You can be charged with more than one offence under more than one law at a time. Some examples of offences that are handled by Provincial Offences Court include:
- Highway Traffic Act: speeding, not wearing a seat belt, or careless driving
- Compulsory Automobile Insurance Act: not having an insurance card or driving without insurance
- Trespass to Property Act: entering property when entry is not allowed, doing something on property that is not allowed, not leaving property when told to
- Liquor License Act: being intoxicated in a public place or driving with open container of liquor
- Cannabis Control Act: driving with cannabis readily available
- Municipal by-laws about noise or parking tickets
- Provincial environmental and labour offences
Types of provincial offences
Everyone charged is presumed innocent. The prosecutor must prove that you’re guilty beyond a reasonable doubt. You will also have the chance to question the prosecution’s evidence and to present your evidence and version of events.
There are three kinds of provincial offences. Each of them needs a different kind of proof by the prosecutor:
Absolute Liability: The prosecutor must prove that you committed the act you’re charged with. They don’t need to show that you meant to commit the crime. Parking and speeding are examples.
Strict Liability: The prosecutor must prove that you committed the act you’re charged with. They don’t need to prove that you meant to commit the crime. But, you can defend yourself by proving that you took reasonable steps to avoid the crime. Careless driving is an example.
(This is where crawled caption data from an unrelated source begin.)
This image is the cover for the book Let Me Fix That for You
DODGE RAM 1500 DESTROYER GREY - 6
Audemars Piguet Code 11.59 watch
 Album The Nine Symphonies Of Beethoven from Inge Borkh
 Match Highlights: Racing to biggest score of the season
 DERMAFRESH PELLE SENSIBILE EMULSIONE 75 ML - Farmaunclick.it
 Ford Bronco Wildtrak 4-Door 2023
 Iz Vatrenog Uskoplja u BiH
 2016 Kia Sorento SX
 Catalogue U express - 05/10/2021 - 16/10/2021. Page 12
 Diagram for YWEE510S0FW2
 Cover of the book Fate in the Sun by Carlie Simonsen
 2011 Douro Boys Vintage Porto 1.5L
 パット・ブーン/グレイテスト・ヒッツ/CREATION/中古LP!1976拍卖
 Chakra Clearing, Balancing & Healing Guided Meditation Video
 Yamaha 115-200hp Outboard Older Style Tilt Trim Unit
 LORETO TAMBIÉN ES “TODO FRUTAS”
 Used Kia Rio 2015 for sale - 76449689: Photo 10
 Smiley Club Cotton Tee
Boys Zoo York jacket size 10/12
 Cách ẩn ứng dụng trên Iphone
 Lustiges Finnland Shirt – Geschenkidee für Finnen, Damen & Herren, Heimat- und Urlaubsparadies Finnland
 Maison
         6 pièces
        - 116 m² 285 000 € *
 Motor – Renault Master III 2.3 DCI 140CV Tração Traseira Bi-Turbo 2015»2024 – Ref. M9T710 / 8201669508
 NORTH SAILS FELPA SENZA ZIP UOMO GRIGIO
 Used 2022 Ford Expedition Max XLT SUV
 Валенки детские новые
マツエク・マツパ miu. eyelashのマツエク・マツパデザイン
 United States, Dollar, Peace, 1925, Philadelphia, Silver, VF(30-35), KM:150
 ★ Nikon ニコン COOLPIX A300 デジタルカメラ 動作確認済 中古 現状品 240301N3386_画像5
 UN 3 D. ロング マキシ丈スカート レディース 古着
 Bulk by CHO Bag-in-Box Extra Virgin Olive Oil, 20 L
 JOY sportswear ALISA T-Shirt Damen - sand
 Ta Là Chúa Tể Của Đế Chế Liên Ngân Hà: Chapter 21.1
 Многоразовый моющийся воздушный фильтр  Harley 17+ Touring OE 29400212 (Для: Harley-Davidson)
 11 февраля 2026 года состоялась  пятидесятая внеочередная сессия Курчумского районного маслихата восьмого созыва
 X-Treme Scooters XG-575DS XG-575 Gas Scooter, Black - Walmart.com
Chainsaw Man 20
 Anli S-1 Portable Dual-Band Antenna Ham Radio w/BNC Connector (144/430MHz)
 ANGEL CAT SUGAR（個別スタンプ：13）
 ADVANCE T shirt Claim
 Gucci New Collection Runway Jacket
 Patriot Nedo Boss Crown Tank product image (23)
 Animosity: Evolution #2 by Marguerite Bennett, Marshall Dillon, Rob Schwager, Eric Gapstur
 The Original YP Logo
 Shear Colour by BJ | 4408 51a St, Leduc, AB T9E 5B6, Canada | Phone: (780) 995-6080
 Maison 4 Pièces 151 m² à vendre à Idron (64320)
Mens rea offences: The prosecutor must prove that you committed the act and that you meant to commit the act. Having or using a false insurance card is an example.
You can get information about the law and do legal research at most courthouse libraries. You can also use CanLii (Canadian Legal Information Institute), a free online legal information database.
If you want to know what type of offence you have been charged with, research a case that involves that offence. The judgment should say what kind of offence it is. There is no list of these offences.